В каковом качестве и представил в романе «Журналюги» экспертизу душевного состояния той вышеописанной генерации, которая получила в своё ведение страну, освобождённую от охмуряющих лозунгов.
Не знаю, первая ли это подобная экспертиза в нашей текущей литературе, - чтобы знать, надо следить за литературой, как за процессом, где одно цепляется за другое и от другого отталкивается. Теперь процесса нет. А есть острое, яркое и последовательное самоизображение спасшегося от всякой «системости» поколения. Хорошо. Я принимаю эту книгу – как диагноз.
С первой же строчки диагноза… точнее, на третьем слове этой первой строчки - меня оглушает смачное матерное слово.
Впрочем, не оглушает. Я понимаю, что теперь это уже почти хороший тон. Во всяком случае, первый штрих габитуса. Знак вызова, который теперь, по причине чрезмерного употребления, вызовом уже не звучит. Но звучит - как знак того, что пространство не имеет запретных зон. Как знак весёлой безответственности распахнувшегося мира.
Мне, как человеку прежнего закала, припоминается рассуждение старого мудреца: если оратор употребит в своей речи слово «задница» (там слово покруче – Л.А.), то сколь бы ни был высок культурный уровень аудитории, - никто в этой речи не услышит ничего, кроме этого слова.

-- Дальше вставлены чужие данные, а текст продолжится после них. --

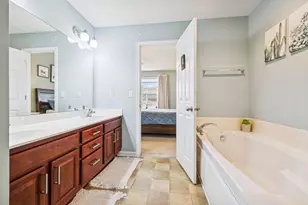 1632 Legacy Pkwy E, Maplewood, MN 55109 - Photo 16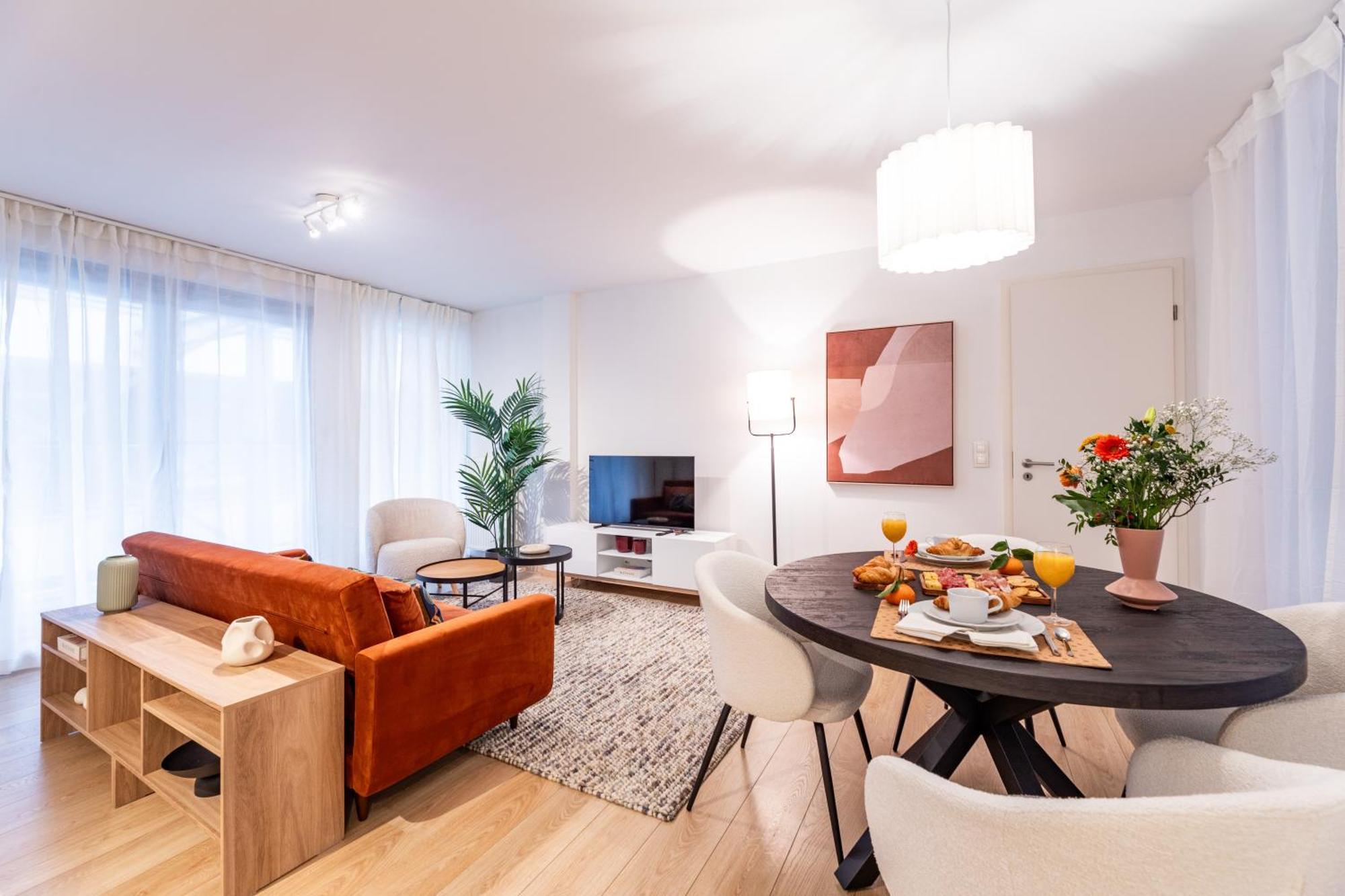 Apartment Contemporary Comfort In The Heart Of The Brussels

В наше время есть шанс услышать и дальнейшее. В дальнейшем, кстати, абсценной лексики у Амана нет, разве что главный редактор газеты, согрешивший скверным словом в первой строке, ещё раз обозначит таким образом свою невозмутимость… и ещё раз удивит нас, но уже по другому поводу.
А повод удивиться такой. Газета, в которой трудится наш рассказчик, узнаваема с первой же сцены всеми, кто хоть немного скользил взглядом по «перестроечным» изданиям буйных годов Гласности, - это «Московский комсомолец», сначала стыдливо упрятавший своё комсомольское происхождение под большие литеры «МК», а потом, одумавшись, сохранивший имя, ибо в новых условиях оно одиозностью своей сулило ещё и больший профит в борьбе с конкурентами. Газету всё-таки переименовали… но об этом ниже.